Quadrangle map, 1:250,000-scale MM
Quadrangle map, 1:63,360-scale C-2
Latitude 63.5893
Longitude -150.7593
Nearby scientific data Find additional scientific data near this location
Location and accuracy This prospect is on the ridge between Last Chance and Crevice Creeks at an elevation of about 3800 feet. It is about 0.25 mile north of the center of section 25, T. 15 S., R. 16 W., Fairbanks Meridian. The location is accurate within 300 feet. The prospect corresponds to number 51 of Bundtzen, Smith, and Tosdal (1976), 228 of Hawley and Associates (1978), 64 of Bundtzen (1981), and 72 of Thornsberry, McKee,and Salisbury (1984, v. 2).

Geologic setting

Geologic description

The country rocks in the area of this prospect are quartz-mica schist and quartzite of the upper Paleozoic Birch Creek Schist (Bundtzen, 1981); float at the prospect site is mainly quartz-feldspar schist.

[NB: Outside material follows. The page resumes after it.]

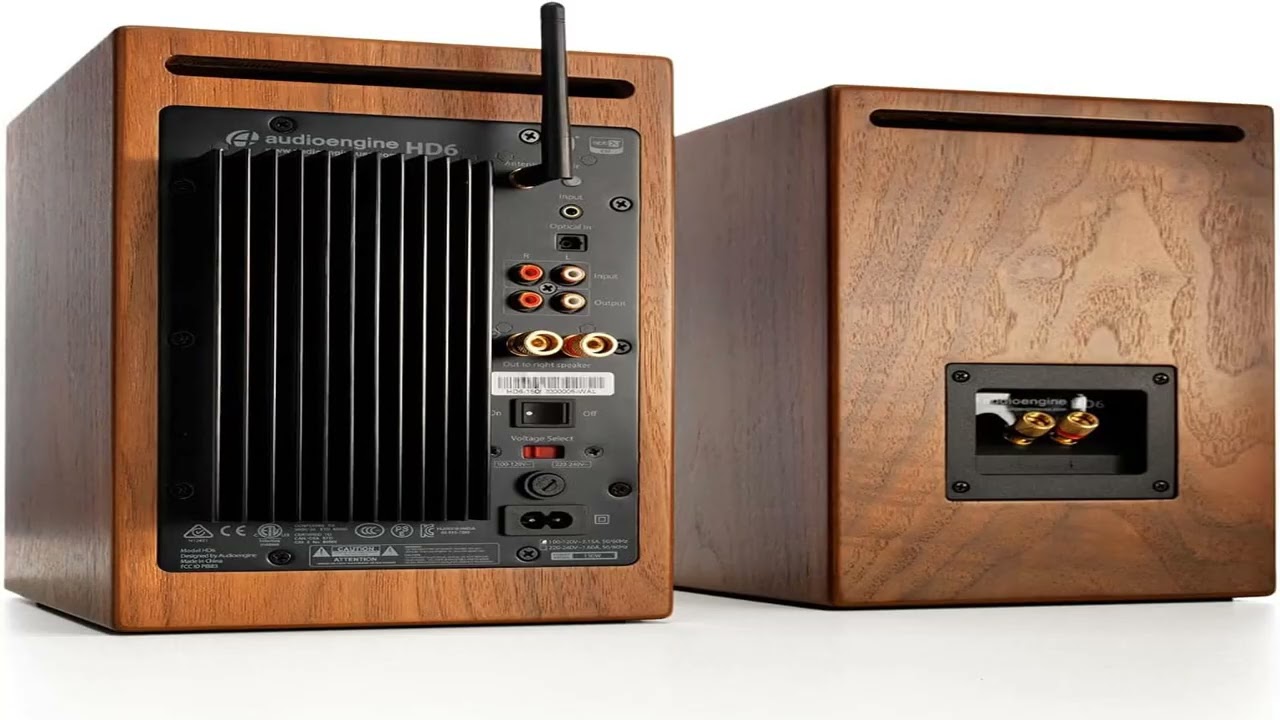 Audioengine HD6 Premium Powered Speakers — Should You Buy These Now?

The schist generally strikes NNE and dips moderately to the NW (Thornsberry, McKee, and Salisbury, 1984, fig. K-2). The deposit is a 30-foot-thick, quartz-rich vein that trends about N50E. The quartz contains pyrite and features boxwork limonite, possibly after another sulfide. Samples of the vein assayed up to 400 ppm copper, 0.01 ounce of gold per ton, 30 ppm molybdenum, and 12 ppm uranium (Bundtzen, 1981).
Geologic map unit (-150.761586325448, 63.5887979724378)
Mineral deposit model Low-sulfide gold?-quartz vein (Cox and Singer, 1986; model 36a?).
Mineral deposit model number 36a?
Age of mineralization The deposit is assumed to be Eocene (see record MM091).

Production and reserves

Workings or exploration One shallow pit.
Indication of production None

Additional comments

The prospect is in Denali National Park and Preserve. A possible extension of this vein on the west side of Moose Creek was uncovered during ground sluicing, but the cut had sloughed by 1921 (Davis, 1923, p. 123).